Bununla birlikte 'diskoid' tarzda denilen deri döküntüleri, ağız içinde afta benzeyen ülserler ve saç dökülmesi gibi belirtiler de eşlik edebilir. Deride güneş ışığına maruz kaldıktan sonra ortaya çıkan döküntüler ve hassasiyet hastalık için oldukça önemli bir ipucudur. Eklemlerde ağrı ve şişlik, karın ağrısı, ishal ve gaitada kanama gibi belirtiler de lupus hastalarında görülebilen belirtilerdendir. Bu şikayetleri olan kişilerin tetkiklerinde hastalığa özgü otoantikorların saptanması hastalığın tanısının konmasında son derece önemli."
Dr. Öğr. Üyesi Gürkan Yardımcı, Lupus hastalığının günümüzde kesin tedavi edilebilen bir hastalık olmadığını bildirdi.

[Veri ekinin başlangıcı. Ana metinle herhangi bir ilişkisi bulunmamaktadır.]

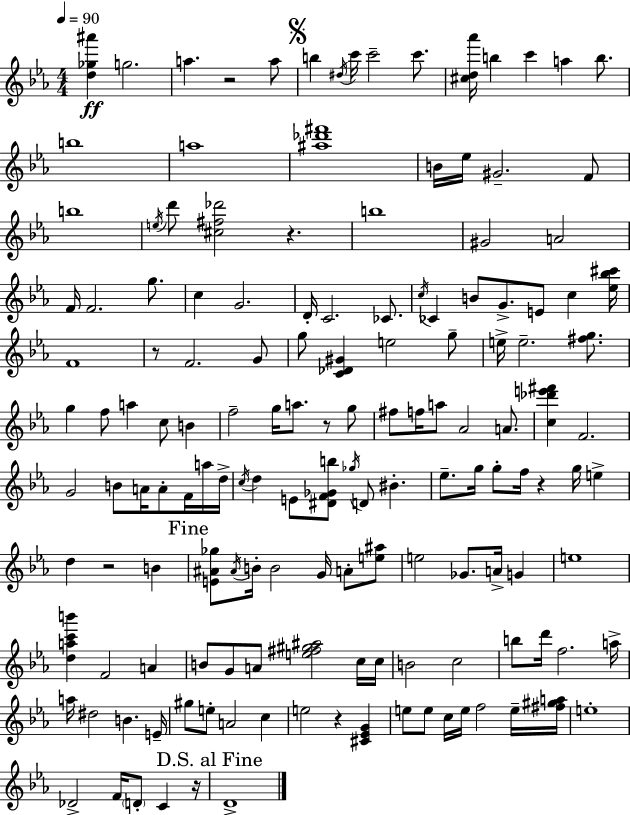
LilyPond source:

Tedavide hastanın günlük hayatını etkileyen şikayetleri iyileştirmek, gelişebilecek organ hasarını ve hayatı tehdit edebilecek durumların oluşmasını engellemenin amaçlandığını anlatan Yardımcı, şu değerlendirmelerde bulundu:
"Hafif seyirli durumlarda deri bulguları çoğunlukla hem steroid (kortizon) içeren hem de steroid içermeyen topikal ilaçlarla tedavi edilebilir. Hastalar güneş ışığına maruz kalmamaları konusunda mutlaka uyarılmalıdır. Uzun kollu giysiler tercih edilmeli, şapka ve güneş gözlüğü gibi aksesuarlar kullanılmalı ve güneşten koruyucu kremleri her mevsim sürmeleri konusunda mutlaka bilgilendirilmelidir. Sistemik şikayetleri olan hastalar öncelikle Romatoloji uzmanları tarafından değerlendirilmeli, gerekirse ağrı kesici ve bağışıklık sistemini baskılayan ilaçlar tedaviye eklenmelidir. Gerekli durumlarda hastaların daha detaylı incelenmesi için farklı branş uzmanlarından görüşler alınabilmektedir.

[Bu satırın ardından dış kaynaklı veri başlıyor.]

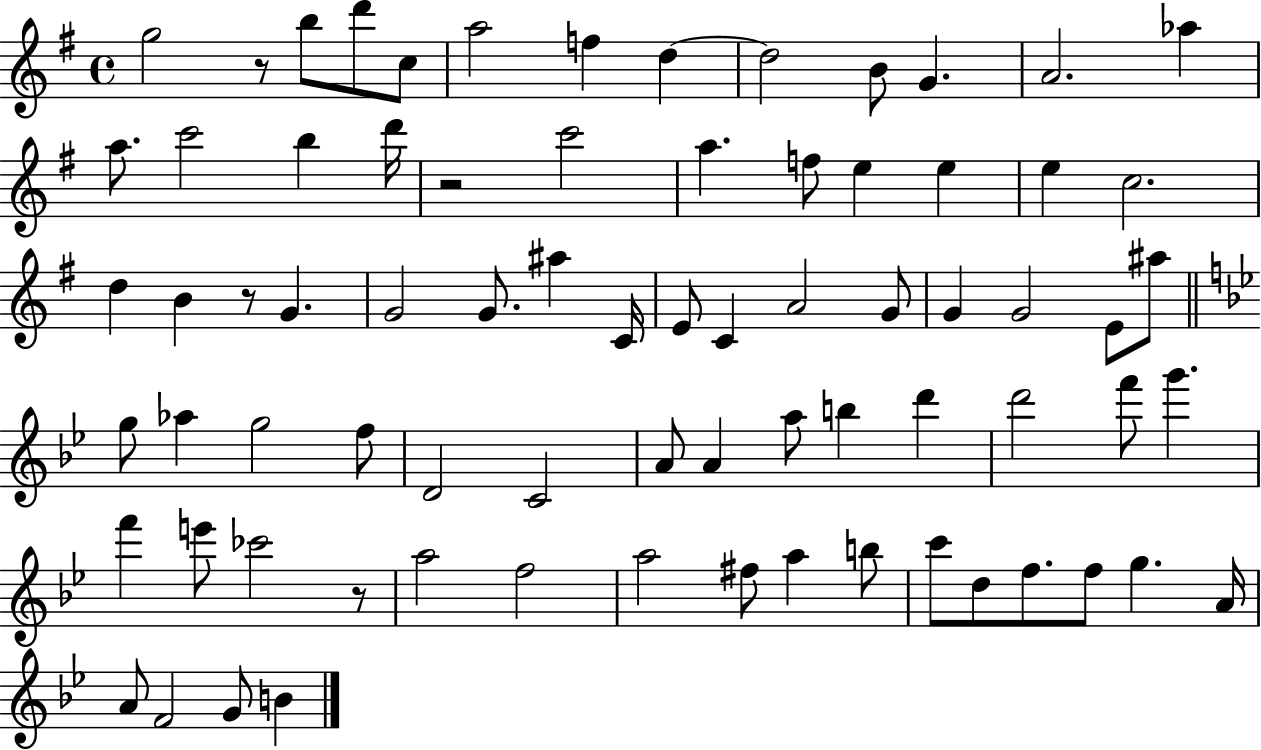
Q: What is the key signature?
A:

Lupus hastalığı genetik yatkınlığı olan bireylerde bazı çevresel faktörlerin tetiklemesi sonucu ortaya çıkan bir hastalıktır. Ailesel olabilmektedir ancak bulaşıcı bir hastalık değildir. Genellikle güneş ışığına maruziyet, stres, viral enfeksiyonlar ve bazı ilaçların kullanımı hastalığı tetikleyen çevresel faktörler olarak bilinmektedir. Bir hastalığın sonucu olarak ortaya çıkmaz ancak bazı hastalıklar lupus hastalığına eşlik edebilmektedir."